Prompt: Exclude all pictures, and reproduce exactly the lines from the one containing "We then fill" through the end of the records, with nothing else added.

--- Data to process Enclosed Below ---

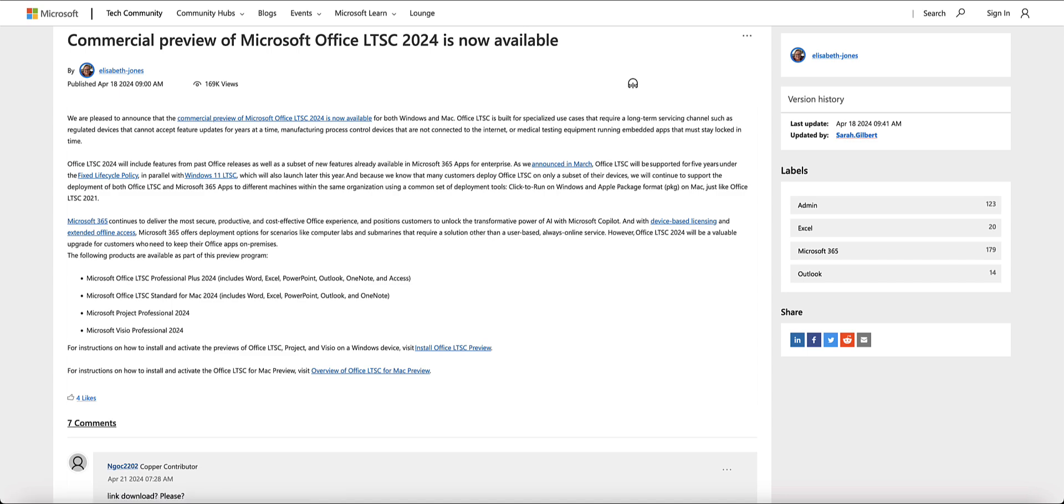Hope you guys enjoyed this video and let me know what you think of the new iOS 18, the new macOS Sequoia, and Office 2024. You can go ahead and leave them down in the comments. If you enjoyed this video, thanks for watching.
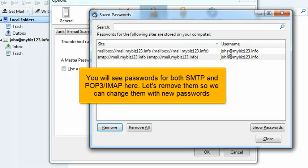You will see passwords for both SMTP and POP IMAP here. Let's remove them so we can change them with new passwords.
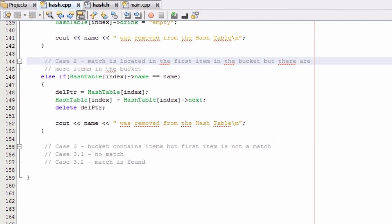Hey everybody, this is Paul. Welcome back as we continue to write the remove item function for our hash table project.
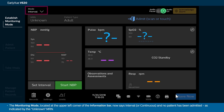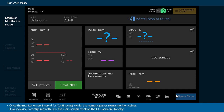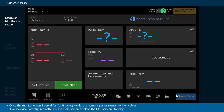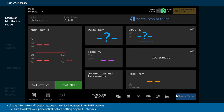The Monitoring mode located at the upper left corner of the Information bar now says Interval or Continuous, and no patient has been admitted as indicated by the Unknown MRN. Once the monitor enters Interval or Continuous mode, the numeric panes rearrange themselves. If your device is configured with CO2, the main screen displays the CO2 pane in standby. A gray Set Interval button appears next to the green Start NBP button.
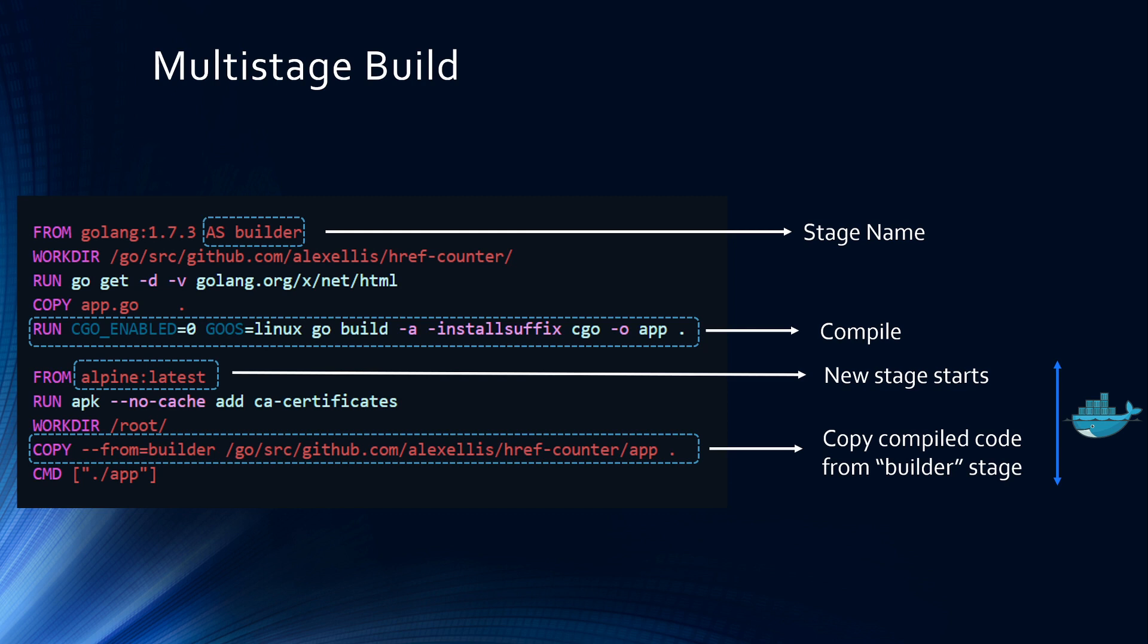And the Docker container image will only be built from the last stage. So in this case, if you created your Docker container from just stage 1, the size will be much larger. But on the second stage, since we are using the lightweight image and only copying the executable artifact, the size will be much less. So this is how you reduce the number of layers as well as the size of layers using multi-stage builds.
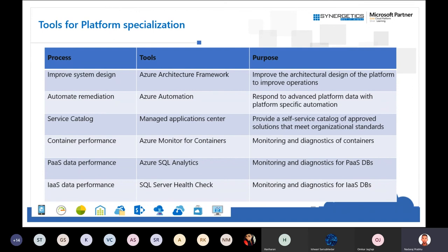Azure SQL Analytics monitors PaaS services including SQL, PostgreSQL, MySQL, and Cosmos DB. It gives insight into query performance, whether indexing is needed, and how to optimize. SQL Server Health Check gets the health of a SQL Server inside a virtual machine — for example, if MySQL is consuming too much memory or throughput is higher than expected, all this can be analyzed with SQL Server Health Check.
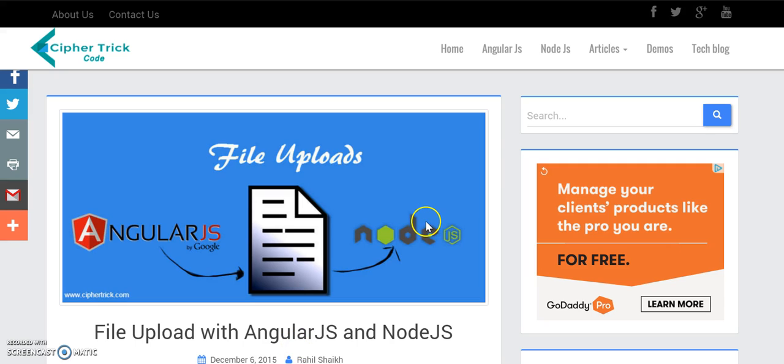This is a video only to show you guys the demo of the application we have built. The complete link to the tutorial will be in the description below and also links to GitHub repository. Thanks for watching and do subscribe.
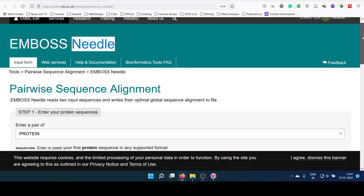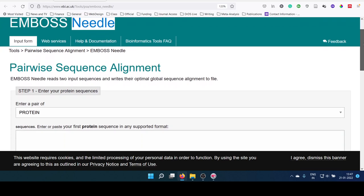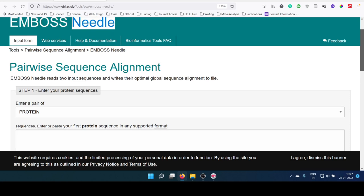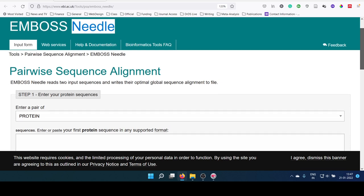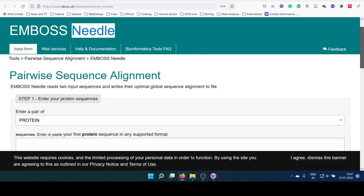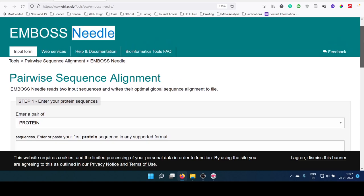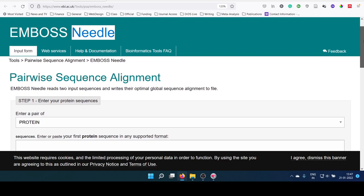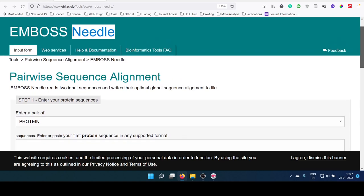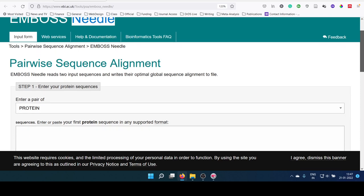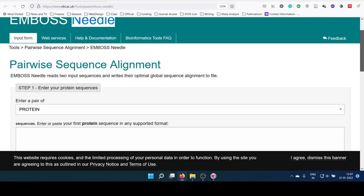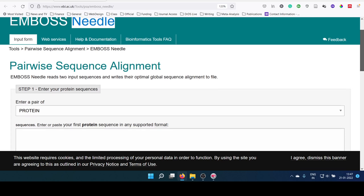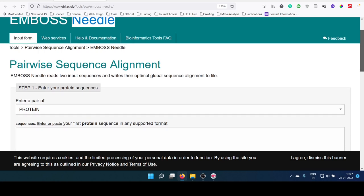EMBOSS is a collection of different tools for analyzing sequences. This EMBOSS package has a program known as Needle, which works on Needleman-Wunsch algorithm for performing pairwise sequence alignment.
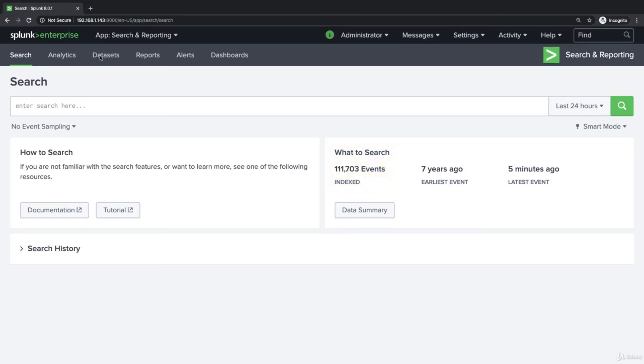Now we have over a hundred thousand events, so this should be good. Now let's do a really heavy search by doing index equals asterisk. That will search everything.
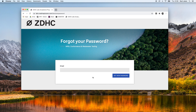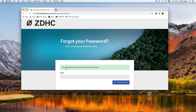We then fill in the email address for which we have lost or forgotten our password. We click set new password and we get a notification that we have received an email with a reset link.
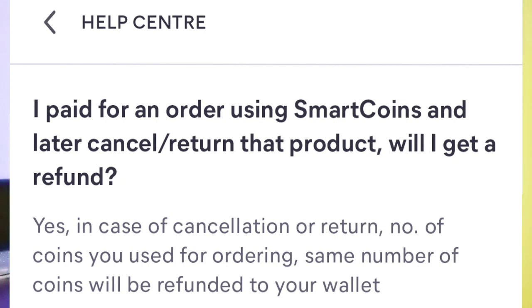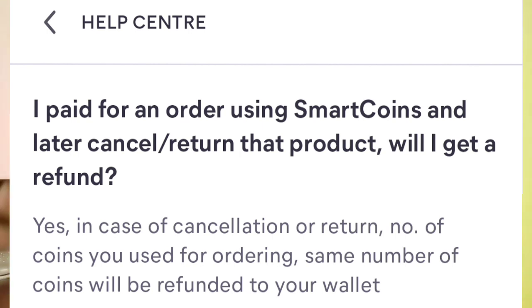Will we get a refund? Yes — SmartCoin will be refunded. The answer written there is: Yes. In case of cancellation or return, the same number of coins you used for ordering will be refunded to your wallet. So it is written here clearly: if you cancel or return, you will get all of your coins back.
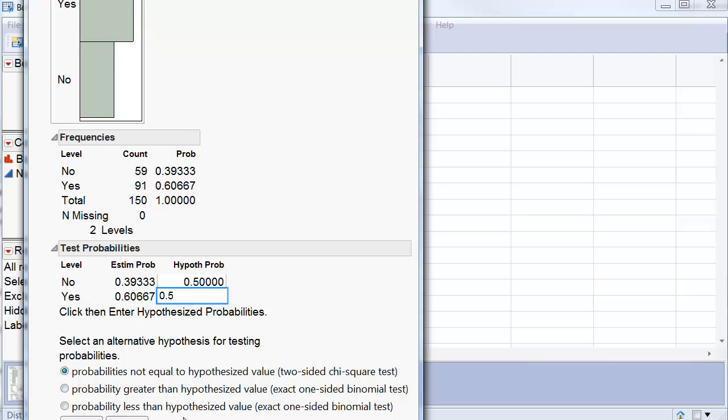And I want this to be a two-sided test, which means that I will reject the hypothesis of 50-50 if I have too many Tennesseans or too few. So I go ahead and click Done.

--- End of Enclosed Data to process ---

Response below:
We then fill in the email address for which we have lost or forgotten our password. We click set new password and we get a notification that we have received an email with a reset link.
Will we get a refund? Yes — SmartCoin will be refunded. The answer written there is: Yes. In case of cancellation or return, the same number of coins you used for ordering will be refunded to your wallet. So it is written here clearly: if you cancel or return, you will get all of your coins back.
And I want this to be a two-sided test, which means that I will reject the hypothesis of 50-50 if I have too many Tennesseans or too few. So I go ahead and click Done.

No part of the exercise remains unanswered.